[TASK DETAILS]: Beginning with the line that holds "In Danmark -petersminde Exclusive *" in the data below, give again every line through the one that holds "Terreno com 450m², à", exactly as written.

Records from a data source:
☆ ☆ ☆ ☆ ☆ ☆ ☆

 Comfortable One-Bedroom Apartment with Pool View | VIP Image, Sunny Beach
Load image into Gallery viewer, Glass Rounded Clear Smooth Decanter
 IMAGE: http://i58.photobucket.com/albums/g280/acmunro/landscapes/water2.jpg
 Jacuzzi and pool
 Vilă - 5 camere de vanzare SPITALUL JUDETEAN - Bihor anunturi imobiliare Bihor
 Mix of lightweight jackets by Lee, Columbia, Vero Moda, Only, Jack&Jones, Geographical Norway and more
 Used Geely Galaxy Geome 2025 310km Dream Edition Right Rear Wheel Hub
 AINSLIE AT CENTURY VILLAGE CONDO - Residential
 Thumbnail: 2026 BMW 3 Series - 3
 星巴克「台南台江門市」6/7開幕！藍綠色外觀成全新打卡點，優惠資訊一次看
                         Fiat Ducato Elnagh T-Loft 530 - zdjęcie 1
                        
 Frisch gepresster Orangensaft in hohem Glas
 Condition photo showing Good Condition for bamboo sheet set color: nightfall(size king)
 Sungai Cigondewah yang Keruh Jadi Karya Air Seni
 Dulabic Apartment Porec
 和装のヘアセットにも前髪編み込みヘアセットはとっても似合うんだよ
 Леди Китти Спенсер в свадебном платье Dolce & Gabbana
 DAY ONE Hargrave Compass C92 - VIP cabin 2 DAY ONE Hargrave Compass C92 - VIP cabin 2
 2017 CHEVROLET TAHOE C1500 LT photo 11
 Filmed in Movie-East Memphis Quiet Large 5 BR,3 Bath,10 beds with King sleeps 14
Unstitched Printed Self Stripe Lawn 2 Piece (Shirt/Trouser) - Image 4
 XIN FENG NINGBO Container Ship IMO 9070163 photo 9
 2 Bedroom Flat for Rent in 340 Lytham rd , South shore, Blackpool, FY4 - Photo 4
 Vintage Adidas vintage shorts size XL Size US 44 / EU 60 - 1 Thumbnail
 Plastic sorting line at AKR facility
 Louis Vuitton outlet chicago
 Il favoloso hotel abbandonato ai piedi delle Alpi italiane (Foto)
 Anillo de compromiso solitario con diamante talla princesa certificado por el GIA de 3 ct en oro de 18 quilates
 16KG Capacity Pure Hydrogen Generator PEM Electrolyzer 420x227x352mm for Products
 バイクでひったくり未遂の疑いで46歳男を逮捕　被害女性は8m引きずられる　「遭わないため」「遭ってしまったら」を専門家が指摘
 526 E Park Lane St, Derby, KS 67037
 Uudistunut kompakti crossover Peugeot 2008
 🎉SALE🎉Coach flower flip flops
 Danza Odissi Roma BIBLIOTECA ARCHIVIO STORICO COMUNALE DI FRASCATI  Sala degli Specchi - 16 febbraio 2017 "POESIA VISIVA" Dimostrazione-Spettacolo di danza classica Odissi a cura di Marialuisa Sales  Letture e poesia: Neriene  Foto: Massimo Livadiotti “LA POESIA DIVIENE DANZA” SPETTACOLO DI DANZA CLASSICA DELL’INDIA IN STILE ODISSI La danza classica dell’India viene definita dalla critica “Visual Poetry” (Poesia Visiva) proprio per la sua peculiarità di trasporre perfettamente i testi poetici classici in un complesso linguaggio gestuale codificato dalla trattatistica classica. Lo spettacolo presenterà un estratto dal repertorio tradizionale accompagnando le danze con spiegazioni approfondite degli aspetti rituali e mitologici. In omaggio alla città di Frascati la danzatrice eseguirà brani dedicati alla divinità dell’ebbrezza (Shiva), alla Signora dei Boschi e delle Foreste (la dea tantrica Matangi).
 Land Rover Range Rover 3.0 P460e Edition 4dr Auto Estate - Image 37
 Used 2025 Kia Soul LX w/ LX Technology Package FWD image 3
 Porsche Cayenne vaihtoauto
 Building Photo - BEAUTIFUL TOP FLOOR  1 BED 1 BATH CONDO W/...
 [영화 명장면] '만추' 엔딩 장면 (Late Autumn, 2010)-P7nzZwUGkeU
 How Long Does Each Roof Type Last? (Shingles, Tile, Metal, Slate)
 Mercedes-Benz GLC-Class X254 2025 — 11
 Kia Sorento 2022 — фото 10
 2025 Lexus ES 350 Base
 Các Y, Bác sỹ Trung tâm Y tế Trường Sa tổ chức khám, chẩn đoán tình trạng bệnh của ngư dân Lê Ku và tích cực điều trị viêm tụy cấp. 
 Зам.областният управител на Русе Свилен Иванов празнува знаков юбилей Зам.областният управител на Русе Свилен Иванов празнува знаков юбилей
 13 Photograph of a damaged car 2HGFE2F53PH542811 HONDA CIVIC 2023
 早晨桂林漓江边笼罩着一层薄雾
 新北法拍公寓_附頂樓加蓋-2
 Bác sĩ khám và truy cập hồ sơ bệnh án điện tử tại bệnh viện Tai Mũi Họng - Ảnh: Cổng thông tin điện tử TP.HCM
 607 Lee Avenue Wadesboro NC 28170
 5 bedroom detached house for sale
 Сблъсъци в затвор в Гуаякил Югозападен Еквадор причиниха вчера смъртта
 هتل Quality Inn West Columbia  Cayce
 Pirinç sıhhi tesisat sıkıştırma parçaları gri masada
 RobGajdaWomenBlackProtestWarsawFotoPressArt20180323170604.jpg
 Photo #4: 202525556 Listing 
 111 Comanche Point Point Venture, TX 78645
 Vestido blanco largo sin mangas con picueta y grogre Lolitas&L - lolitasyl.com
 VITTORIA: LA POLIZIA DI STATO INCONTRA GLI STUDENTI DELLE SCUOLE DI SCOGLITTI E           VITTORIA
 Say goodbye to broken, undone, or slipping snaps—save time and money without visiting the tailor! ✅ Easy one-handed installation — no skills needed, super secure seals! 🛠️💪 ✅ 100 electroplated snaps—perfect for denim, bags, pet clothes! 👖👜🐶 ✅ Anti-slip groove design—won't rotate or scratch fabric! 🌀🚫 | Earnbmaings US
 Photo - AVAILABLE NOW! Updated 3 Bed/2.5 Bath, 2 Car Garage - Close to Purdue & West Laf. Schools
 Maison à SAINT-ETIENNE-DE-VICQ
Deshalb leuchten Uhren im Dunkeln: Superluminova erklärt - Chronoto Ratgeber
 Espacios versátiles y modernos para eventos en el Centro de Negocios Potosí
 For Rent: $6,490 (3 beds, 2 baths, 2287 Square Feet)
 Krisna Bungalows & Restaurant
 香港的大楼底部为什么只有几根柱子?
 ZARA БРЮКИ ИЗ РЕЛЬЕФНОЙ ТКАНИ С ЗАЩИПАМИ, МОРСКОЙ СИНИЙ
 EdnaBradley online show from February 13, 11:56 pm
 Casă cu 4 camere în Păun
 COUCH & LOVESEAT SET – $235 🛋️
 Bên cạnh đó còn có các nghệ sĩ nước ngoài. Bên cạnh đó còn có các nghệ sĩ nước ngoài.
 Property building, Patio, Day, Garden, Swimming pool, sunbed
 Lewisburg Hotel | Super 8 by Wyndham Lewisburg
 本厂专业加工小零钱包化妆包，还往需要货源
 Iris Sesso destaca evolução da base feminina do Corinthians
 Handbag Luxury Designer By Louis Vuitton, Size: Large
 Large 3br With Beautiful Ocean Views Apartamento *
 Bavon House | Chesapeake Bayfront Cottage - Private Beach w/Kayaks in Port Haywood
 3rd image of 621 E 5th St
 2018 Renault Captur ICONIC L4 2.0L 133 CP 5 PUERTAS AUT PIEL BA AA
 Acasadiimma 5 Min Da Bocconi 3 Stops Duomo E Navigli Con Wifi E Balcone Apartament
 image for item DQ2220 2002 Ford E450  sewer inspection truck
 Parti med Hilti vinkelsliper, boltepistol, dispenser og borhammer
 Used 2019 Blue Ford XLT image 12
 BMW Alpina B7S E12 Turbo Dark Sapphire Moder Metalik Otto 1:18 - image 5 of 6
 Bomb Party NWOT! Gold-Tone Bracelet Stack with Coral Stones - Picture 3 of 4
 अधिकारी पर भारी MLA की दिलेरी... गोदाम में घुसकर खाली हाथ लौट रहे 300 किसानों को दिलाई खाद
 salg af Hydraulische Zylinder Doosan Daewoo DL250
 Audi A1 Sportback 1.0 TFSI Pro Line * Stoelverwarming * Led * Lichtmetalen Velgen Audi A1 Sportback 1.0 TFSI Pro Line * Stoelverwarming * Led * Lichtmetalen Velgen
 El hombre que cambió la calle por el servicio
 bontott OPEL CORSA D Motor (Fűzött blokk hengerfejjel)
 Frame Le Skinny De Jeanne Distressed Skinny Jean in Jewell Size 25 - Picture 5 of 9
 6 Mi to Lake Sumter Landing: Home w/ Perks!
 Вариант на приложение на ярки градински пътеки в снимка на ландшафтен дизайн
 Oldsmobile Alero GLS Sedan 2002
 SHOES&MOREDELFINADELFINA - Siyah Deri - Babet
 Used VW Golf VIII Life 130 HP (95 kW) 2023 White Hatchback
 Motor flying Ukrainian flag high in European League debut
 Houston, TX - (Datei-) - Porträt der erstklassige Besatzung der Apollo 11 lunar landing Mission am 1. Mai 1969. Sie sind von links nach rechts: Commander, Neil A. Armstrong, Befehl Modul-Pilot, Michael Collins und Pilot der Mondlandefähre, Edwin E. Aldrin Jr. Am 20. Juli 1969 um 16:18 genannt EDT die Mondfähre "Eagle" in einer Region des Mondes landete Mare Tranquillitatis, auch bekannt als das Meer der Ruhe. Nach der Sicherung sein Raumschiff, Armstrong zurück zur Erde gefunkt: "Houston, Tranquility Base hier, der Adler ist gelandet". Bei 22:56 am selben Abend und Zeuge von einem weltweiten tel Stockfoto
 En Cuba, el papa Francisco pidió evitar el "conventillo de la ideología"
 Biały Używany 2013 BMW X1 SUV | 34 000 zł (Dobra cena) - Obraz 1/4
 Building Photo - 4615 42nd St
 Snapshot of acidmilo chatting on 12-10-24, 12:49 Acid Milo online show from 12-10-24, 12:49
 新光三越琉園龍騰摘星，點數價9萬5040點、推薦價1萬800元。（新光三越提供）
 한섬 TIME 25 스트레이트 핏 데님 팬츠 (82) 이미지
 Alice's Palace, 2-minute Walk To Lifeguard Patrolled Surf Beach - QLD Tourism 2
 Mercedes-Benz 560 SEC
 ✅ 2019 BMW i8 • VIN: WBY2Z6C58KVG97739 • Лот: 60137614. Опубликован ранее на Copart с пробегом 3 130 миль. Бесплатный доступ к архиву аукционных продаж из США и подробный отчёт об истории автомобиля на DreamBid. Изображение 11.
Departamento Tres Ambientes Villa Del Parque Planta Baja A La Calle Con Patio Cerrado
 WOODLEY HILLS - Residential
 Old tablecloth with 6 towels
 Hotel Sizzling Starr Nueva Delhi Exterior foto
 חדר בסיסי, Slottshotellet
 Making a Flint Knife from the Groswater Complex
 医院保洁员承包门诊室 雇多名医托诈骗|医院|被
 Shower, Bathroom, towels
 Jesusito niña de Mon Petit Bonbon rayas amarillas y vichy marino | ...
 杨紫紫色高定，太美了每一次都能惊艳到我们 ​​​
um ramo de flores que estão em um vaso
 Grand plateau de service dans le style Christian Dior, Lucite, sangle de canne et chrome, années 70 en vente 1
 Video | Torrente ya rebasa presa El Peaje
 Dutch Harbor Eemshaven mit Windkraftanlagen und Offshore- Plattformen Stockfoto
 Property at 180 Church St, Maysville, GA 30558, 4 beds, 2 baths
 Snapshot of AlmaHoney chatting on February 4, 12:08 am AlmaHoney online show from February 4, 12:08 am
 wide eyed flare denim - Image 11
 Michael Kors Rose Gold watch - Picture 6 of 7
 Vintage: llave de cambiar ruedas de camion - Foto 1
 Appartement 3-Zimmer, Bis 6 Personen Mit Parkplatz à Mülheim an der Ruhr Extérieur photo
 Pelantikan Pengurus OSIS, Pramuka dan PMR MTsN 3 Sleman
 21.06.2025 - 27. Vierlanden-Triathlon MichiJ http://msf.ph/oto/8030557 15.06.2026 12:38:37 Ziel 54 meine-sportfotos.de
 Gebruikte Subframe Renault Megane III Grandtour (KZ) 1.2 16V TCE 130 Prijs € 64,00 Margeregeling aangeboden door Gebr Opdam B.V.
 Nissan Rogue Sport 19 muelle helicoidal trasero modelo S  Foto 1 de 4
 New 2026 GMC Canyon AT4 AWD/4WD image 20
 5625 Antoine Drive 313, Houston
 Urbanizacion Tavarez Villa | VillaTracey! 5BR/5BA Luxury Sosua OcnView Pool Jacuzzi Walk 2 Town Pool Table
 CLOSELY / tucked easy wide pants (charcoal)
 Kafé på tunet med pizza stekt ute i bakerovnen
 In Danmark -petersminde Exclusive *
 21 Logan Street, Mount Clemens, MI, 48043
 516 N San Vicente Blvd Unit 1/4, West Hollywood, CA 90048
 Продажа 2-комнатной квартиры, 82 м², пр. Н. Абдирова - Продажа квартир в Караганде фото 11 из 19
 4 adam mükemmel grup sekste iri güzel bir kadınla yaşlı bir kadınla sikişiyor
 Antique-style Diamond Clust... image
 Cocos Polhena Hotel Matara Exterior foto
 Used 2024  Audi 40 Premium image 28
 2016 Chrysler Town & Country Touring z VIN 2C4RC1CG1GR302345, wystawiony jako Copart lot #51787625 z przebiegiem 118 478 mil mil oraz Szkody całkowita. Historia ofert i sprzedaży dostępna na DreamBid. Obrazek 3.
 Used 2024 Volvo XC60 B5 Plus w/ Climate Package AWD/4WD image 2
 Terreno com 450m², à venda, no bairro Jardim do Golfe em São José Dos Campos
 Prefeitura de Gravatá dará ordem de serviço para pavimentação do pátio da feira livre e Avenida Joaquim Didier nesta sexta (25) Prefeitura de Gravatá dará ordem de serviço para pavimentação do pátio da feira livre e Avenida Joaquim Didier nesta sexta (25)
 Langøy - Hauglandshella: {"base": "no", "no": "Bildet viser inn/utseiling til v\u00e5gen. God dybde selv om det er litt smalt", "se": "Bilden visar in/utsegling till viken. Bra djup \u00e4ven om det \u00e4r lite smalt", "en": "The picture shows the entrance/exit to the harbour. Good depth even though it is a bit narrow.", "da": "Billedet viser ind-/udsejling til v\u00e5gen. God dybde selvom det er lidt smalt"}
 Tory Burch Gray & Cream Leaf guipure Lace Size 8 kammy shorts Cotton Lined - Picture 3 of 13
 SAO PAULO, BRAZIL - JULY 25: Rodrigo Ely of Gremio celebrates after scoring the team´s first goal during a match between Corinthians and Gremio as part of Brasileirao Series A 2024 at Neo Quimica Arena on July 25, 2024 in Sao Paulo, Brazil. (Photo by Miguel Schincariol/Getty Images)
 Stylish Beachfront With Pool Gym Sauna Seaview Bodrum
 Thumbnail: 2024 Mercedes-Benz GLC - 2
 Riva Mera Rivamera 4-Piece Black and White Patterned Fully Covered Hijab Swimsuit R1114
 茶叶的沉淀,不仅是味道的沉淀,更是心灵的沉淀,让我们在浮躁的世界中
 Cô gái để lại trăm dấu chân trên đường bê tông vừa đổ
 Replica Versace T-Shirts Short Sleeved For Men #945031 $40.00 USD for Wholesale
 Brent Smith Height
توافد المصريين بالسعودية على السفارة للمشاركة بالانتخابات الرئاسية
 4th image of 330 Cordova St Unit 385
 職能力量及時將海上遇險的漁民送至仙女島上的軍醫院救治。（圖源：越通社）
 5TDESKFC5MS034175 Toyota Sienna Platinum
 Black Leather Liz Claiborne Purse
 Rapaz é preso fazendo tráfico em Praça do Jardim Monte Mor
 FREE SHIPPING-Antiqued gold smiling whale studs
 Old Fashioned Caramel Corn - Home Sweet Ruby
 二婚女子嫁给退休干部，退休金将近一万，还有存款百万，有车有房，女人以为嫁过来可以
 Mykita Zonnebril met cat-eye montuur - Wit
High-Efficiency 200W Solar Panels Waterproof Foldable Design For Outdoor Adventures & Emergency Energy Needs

☆ ☆ ☆ ☆ ☆ ☆ ☆

[OUTPUT FOR THIS EXERCISE]:
 In Danmark -petersminde Exclusive *
 21 Logan Street, Mount Clemens, MI, 48043
 516 N San Vicente Blvd Unit 1/4, West Hollywood, CA 90048
 Продажа 2-комнатной квартиры, 82 м², пр. Н. Абдирова - Продажа квартир в Караганде фото 11 из 19
 4 adam mükemmel grup sekste iri güzel bir kadınla yaşlı bir kadınla sikişiyor
 Antique-style Diamond Clust... image
 Cocos Polhena Hotel Matara Exterior foto
 Used 2024  Audi 40 Premium image 28
 2016 Chrysler Town & Country Touring z VIN 2C4RC1CG1GR302345, wystawiony jako Copart lot #51787625 z przebiegiem 118 478 mil mil oraz Szkody całkowita. Historia ofert i sprzedaży dostępna na DreamBid. Obrazek 3.
 Used 2024 Volvo XC60 B5 Plus w/ Climate Package AWD/4WD image 2
 Terreno com 450m², à venda, no bairro Jardim do Golfe em São José Dos Campos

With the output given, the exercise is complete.